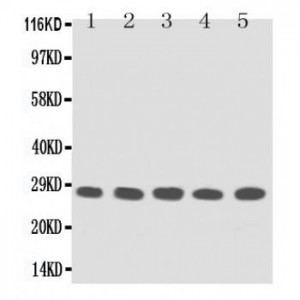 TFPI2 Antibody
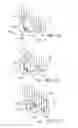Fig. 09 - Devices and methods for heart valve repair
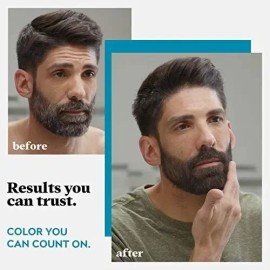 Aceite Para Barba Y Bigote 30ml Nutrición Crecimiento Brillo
*-*-*
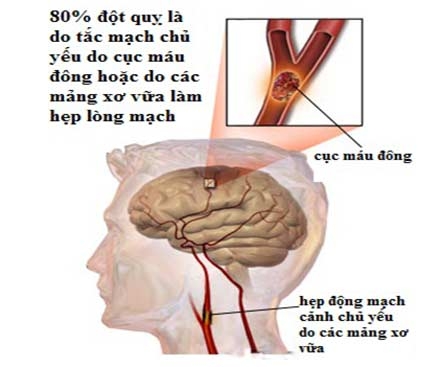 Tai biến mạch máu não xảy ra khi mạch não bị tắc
*-*-*
With the pictures omitted, copy the entries above exactly from the line containing "Fig. 09 - Devices" through the line containing "Aceite Para Barba", both lines included.

**Solution to the problem**.
Fig. 09 - Devices and methods for heart valve repair
 Aceite Para Barba Y Bigote 30ml Nutrición Crecimiento Brillo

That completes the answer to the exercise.